Tindak lanjut atas pemaparan tersebut, Anzarullah kemudian meminta Andi Merya agar beberapa proyek pekerjaan fisik yang bersumber dari dana hibah BNPB tersebut nantinya dilaksanakan oleh orang-orang kepercayaan Anzarullah dan pihak-pihak lain yang membantu mengurus agar dana hibah tersebut cair ke Pemkab Kolaka Timur.
Adapun khusus untuk paket belanja jasa konsultansi perencanaan pekerjaan jembatan dua unit di Kecamatan Ueesi senilai Rp714 juta, dan belanja jasa konsultansi perencanaan pembangunan 100 unit rumah di Kecamatan Uluiwoi senilai Rp175 juta akan dikerjakan oleh Anzarullah.
Andi Merya menyetujui permintaan Anzarullah tersebut, dan sepakat akan memberikan "fee" kepada Andi Merya sebesar 30 persen.
Selanjutnya, Andi Merya memerintahkan Anzarullah untuk berkoordinasi langsung dengan Dewa Made Ratmawan selaku Kabag ULP, agar memproses pekerjaan perencanaan lelang konsultan dan mengunggahnya ke Layanan Pengadaan Secara Elektronik (LPSE), sehingga perusahaan milik Anzarullah dan/atau grup Anzarullah dimenangkan serta ditunjuk menjadi konsultan perencana pekerjaan dua proyek itu.

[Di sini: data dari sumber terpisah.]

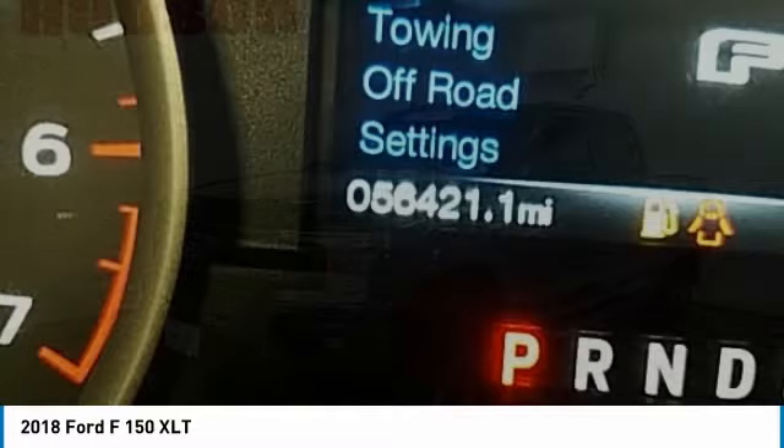This vehicle has less than 60,000 miles. Here are some of this vehicle's great options: electronic stability control, alloy wheels, brake assist, and traction control.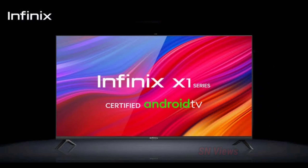We will be able to implement some product quality. The Infinix X1 series has a review of 32 inches and 43 inches.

KPK menduga Andi Merya meminta uang Rp250 juta atas dua proyek pekerjaan yang akan didapatkan Anzarullah tersebut.
Anzarullah telah menyerahkan uang Rp25 juta terlebih dahulu kepada Andi Merya, dan sisanya Rp225 juta disepakati akan diserahkan di rumah pribadi Andi Merya di Kendari.
Adapun sisa uang Rp225 juta tersebut yang diamankan KPK saat operasi tangkap tangan (OTT) terhadap Andi Merya dan kawan-kawan.
Terkait kasus Bupati Kolaka Timur itu, Ghufron mengingatkan agar para penyelenggara negara untuk berpegang pada sumpah jabatan dan bekerja sebagai pelayan masyarakat.
Ia mengatakan pengadaan barang dan jasa melalui lelang dilakukan sebagai upaya mencegah agar tidak terjadi tindak pidana korupsi.
"Oleh karena itu, sekali lagi KPK berharap kepada segenap para penyelenggara negara, mari kita hentikan kegiatan-kegiatan yang bernuansa koruptif, agar bagaimana pun saat ini kita sedang menghadapi COVID-19 masih banyak anggaran dan dana rakyat yang dibutuhkan untuk pembangunan bangsa kita," ujarnya pula.